March 24, 2009
CIVILesbianIZATION: Dykes We Love - Honoring Alison Bechdel
Julie R. Enszer READ TIME: 3 MIN.
You know you want it.
You've looked at it lovingly at your local independent bookstore. Had it sitting in your online shopping cart at Powell's or Amazon. You want it in its hardbound glory.
It's thick; nearly four hundred pages. You know it will last longer on your shelf if you splurge for the hardback. You know that it will feel even more delicious and weighty in your hands if you get it soon.
Let me implore you, buy it now. It's worth the splurge. If you've been following Dykes To Watch Out For for the past twenty-five years, you owe it to yourself and to Bechdel to buy this new edition, The Essential Dykes to Watch Out For. If you're new to Mo, Lois, Sparrow, Ginger, and the gang, you'll treasure the volume. Go. Now. Buy it.
Now that we have that out of the way, here are a few of my reflections on reading and rereading Bechdel's new The Essential Dykes to Watch Out For.
Bechdel began the strip, Dykes To Watch Out For, in 1983. The first cartoon--it wasn't yet a series--was published in the 1983 Lesbian Pride Issue of the local feminist newspaper, according to Bechdel in the graphic introduction.
The strip began, in Bechdel's words, as "a catalog of lesbians"--she wanted to "name the unnamed" and "depict the undepicted." She did just that through the syndicated comic strip, Dykes To Watch Out For, for the next twenty-five years.
The strip spawned eleven previous books and legions of fans among lesbians, gays, and queers in cities, towns, and hamlets around the world. Now, on the twenty-fifth anniversary, we have this "essential" collection.
Dykes To Watch Out For has an eclectic cast of characters who have grown and evolved over the past twenty-five years of their lives on the page courtesy of Bechdel's deft hand, sharp eye, and incisive pen.
Reading The Essential Dykes To Watch Out For is a treat, bound to elicit a wide variety of emotions-laughter, tears, joy, pain, giggles, sadness, awe, and disbelief.
I was thrilled to have all of the strips together in a book; it's like catching up with old friends. The characters of the strip feel like old friends, and the brilliance of the series (and Bechdel's genius as a stripper) is that the characters mirror people in "real" lesbian life as well.
Paging through the volume, I remembered various locations where I read the original strip: the dyke bar in Ann Arbor, outside the womyn's bookstore in Ferndale, in countless issues of off our backs.
Reading The Essential reminded me of those places where I haven't been in years and of the people in my life then, some of whom I haven't seen since. It's like a reunion, but you don't have to buy new clothes or lose any weight to attend.

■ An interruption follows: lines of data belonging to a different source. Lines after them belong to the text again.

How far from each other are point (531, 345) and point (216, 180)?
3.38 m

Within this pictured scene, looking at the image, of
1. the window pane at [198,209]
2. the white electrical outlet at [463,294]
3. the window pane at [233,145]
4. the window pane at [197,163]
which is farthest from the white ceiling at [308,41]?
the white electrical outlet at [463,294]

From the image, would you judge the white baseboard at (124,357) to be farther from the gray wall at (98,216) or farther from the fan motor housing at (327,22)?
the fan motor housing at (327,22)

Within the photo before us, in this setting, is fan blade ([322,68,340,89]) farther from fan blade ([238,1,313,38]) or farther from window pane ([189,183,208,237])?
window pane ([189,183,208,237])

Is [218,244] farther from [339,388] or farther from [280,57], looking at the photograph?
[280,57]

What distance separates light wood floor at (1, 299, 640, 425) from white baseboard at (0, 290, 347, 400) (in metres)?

Reading it isn't entirely nostalgic, however. The strips hold up over time--and reveal new gems of discovery and insight. The first time I read Dykes To Watch Out For, I identified with Mo most of all, but now, a graduate student myself, I'm interested in Ginger and Sydney and their lives. When I first read about Clarice and Toni and their baby, Raffi, I thought that was the life I wanted. Now I like reading it--and knowing it is not mine!
While reading the new compendium may be a personal journey for many, as it was for me, the book also documents our history. In its pages unfold the demise of Mad Wimmin books, the triumphal election of Bill Clinton, marches and demos and marches and demos for gay and lesbian rights, LGBT rights, queer rights, abortion rights, solidarity with central America and countless other causes, the dispiriting vote for Clinton after he championed and signed ENDA, Al Gore's loss, Bush's reelection, sodomy law repeal, the advent of marriage equality. The big political moments are all there.
So are all the nuanced moments in lesbian life--sex in many positions and with many emotional and physical consequences, changing footwear (from Birkenstocks to Doc Martins to Australian boots), childbearing, child rearing, friendships, fights, passionate breakups, forestalled affections, illicit affairs, and, through it all, anger and outrage at new and different things.
Alison Bechdel captures lesbian life-the highs and the lows-in words and pictures. She's been doing it for twenty-five years. She herself is a Dyke To Watch Out For and, more than that, a dyke we love.